Hemani moved to dismiss the charge, claiming it violated his Second Amendment rights. He also cited the stringent test the Supreme Court set in a 2022 decision requiring that gun laws be “consistent with the nation’s historical tradition of firearm regulation” in order to comport with the Second Amendment.

The prohibition on gun possession by users of illegal drugs was part of the landmark Gun Control Act of 1968. One of the charges against Hunter Biden in an indictment obtained by Special Counsel David Weiss in September 2023 accused him of violating this statute. Prosecutors accused the president’s son of lying about his use of narcotics when he purchased a Colt Cobra handgun in October 2018.

Hunter Biden was found guilty in June 2024 by a jury in Wilmington, Delaware, becoming the first child of a sitting U.S. president to be convicted of a crime. Joe Biden, a Democrat, issued a presidential pardon in December 2024 to his son, a recovering drug addict who became a frequent target of Republicans, including Trump.
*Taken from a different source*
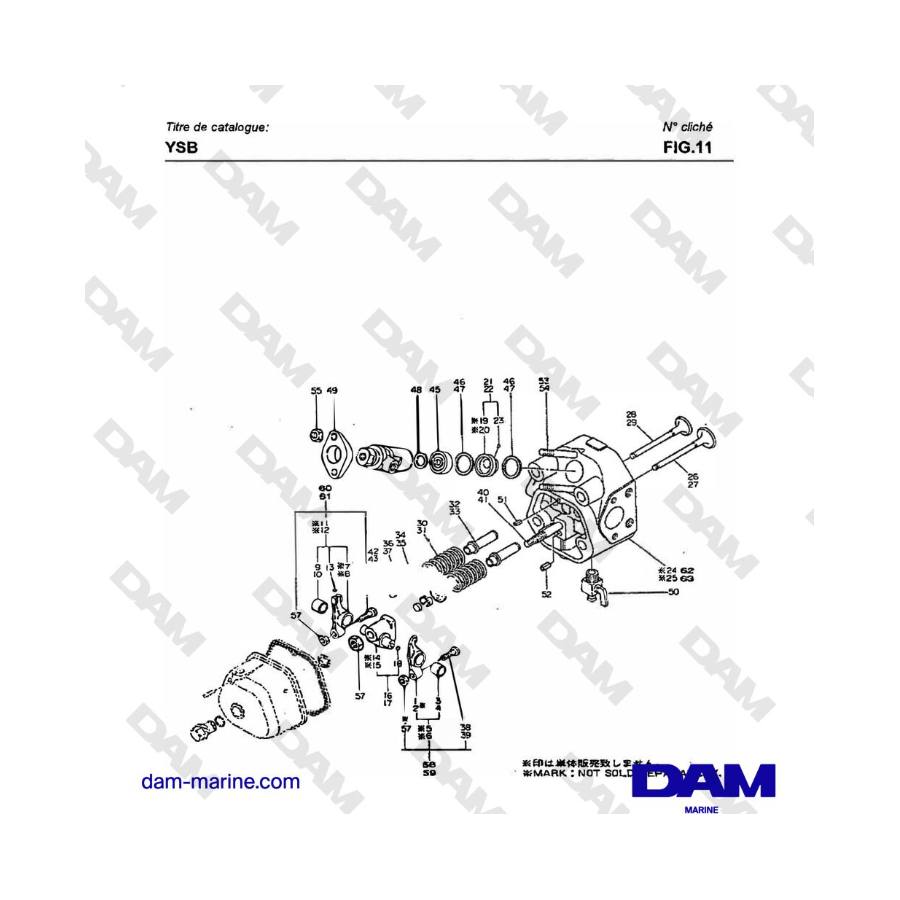 Yanmar YSB8 / YSB12 - CULATA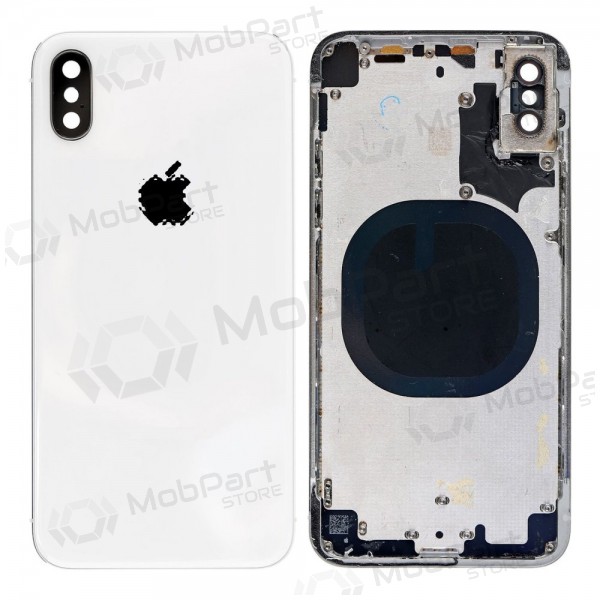 Apple iPhone X aizmugurējais baterijas vāciņš (sudraba) (lietots grade B, oriģināls) Apple iPhone X aizmugurējais baterijas vāciņš (sudraba) (lietots grade B, oriģināls)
In the Hemani case, the New Orleans-based 5th U.S. Circuit Court of Appeals in January dismissed the illegal gun possession charge against Hemani, ruling that “there is no historical justification for disarming a sober citizen not presently under an impairing influence.”

Trump’s administration appealed to the Supreme Court, urging the justices to adopt a rule that would allow illegal gun possession charges to be brought against “habitual users” of unlawful drugs.